# Rotary Problem??



## TKM goose slayin (Feb 18, 2011)

I got a sillosock rotary machine new last year. I hook it up to a marine battery. It has a remote. For some reason ever since I've had it it barely spins. It spins very slow. Any suggestions on what I can do to change/fix it?


----------



## the professor (Oct 13, 2006)

does it have the speed control?


----------



## shooteminthelips (Jun 13, 2007)

If you try to adjust the speed control with the remote and it doesn't speed up you have to problems.

1. your battery is shot and wont hold a charge
2. your motor is burnt up and you will need to buy another one from www.prairiewinddecoys.com


----------



## TKM goose slayin (Feb 18, 2011)

Ok, ya it has the speed control but I try to keep pushing it and it won't get faster. I know the battery isn't out cause it runs the homeade rotaries I have. I'm guessing the motor is burnt. Same thing happened with my bouncer. Thanks for the help!


----------



## bwfsh (Feb 12, 2009)

Which direction does it try to spin? If I remember right they should spin counter clock wise. I have got a couple that were wired backwards from the factory. If this is the case they will try to spin the opposite direction and you can't adjust the speed. The motor is shot if it is hooked up backwards.


----------



## snogeezmen (May 28, 2012)

TKM goose slayin said:


> Ok, ya it has the speed control but I try to keep pushing it and it won't get faster. I know the battery isn't out cause it runs the homeade rotaries I have. I'm guessing the motor is burnt. Same thing happened with my bouncer. Thanks for the help!

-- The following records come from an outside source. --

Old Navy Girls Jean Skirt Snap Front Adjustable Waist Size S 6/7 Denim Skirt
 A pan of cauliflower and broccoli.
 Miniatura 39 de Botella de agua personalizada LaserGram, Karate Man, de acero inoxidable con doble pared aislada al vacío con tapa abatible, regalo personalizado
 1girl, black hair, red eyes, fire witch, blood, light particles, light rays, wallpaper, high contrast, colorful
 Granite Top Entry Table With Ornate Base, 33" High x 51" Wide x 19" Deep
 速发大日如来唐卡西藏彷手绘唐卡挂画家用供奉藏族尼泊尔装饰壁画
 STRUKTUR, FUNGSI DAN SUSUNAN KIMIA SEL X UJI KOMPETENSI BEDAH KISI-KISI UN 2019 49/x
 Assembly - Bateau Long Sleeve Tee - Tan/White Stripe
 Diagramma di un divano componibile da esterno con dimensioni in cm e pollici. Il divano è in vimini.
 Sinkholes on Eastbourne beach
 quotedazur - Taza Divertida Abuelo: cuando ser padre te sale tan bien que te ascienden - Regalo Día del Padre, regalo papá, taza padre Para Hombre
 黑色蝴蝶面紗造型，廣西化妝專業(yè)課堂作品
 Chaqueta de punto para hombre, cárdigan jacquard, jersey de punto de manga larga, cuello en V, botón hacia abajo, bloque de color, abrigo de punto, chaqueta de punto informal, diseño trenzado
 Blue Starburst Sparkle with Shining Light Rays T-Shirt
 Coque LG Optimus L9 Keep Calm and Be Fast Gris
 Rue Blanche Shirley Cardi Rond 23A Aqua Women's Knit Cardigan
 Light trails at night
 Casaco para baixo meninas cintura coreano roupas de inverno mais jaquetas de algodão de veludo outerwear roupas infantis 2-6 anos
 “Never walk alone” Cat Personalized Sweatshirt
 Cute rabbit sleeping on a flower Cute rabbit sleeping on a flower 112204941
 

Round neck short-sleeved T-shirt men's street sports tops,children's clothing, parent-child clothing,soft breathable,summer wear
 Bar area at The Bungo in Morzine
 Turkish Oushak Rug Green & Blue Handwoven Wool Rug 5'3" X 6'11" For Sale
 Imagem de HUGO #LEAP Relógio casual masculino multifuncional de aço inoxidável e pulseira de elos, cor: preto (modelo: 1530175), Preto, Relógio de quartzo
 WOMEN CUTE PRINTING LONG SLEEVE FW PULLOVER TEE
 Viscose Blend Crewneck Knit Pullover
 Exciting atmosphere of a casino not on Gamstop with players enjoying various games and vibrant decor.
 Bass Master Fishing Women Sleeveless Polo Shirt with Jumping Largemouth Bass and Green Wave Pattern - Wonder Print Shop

Your motor is either shot or if you take the motor apart there's small gears inside and sometimes those r stripped.

Either way I've had zero issues with Jim druliner(spelling may be off) and he usually sends a free motor no questions asked. Nice thing is you generally r directed to his cell phone and talk to him personally. We've had a couple motors go out and he's replaced em no questions asked.


----------



## bluebill25 (Mar 29, 2006)

There is a screw that tightens the arm holders on the top of your machine. Make sure this is tight and in the right spot or the machine is spinning but not grabbing and turning the arms fast. I had the same problem and that's what I figure out.


----------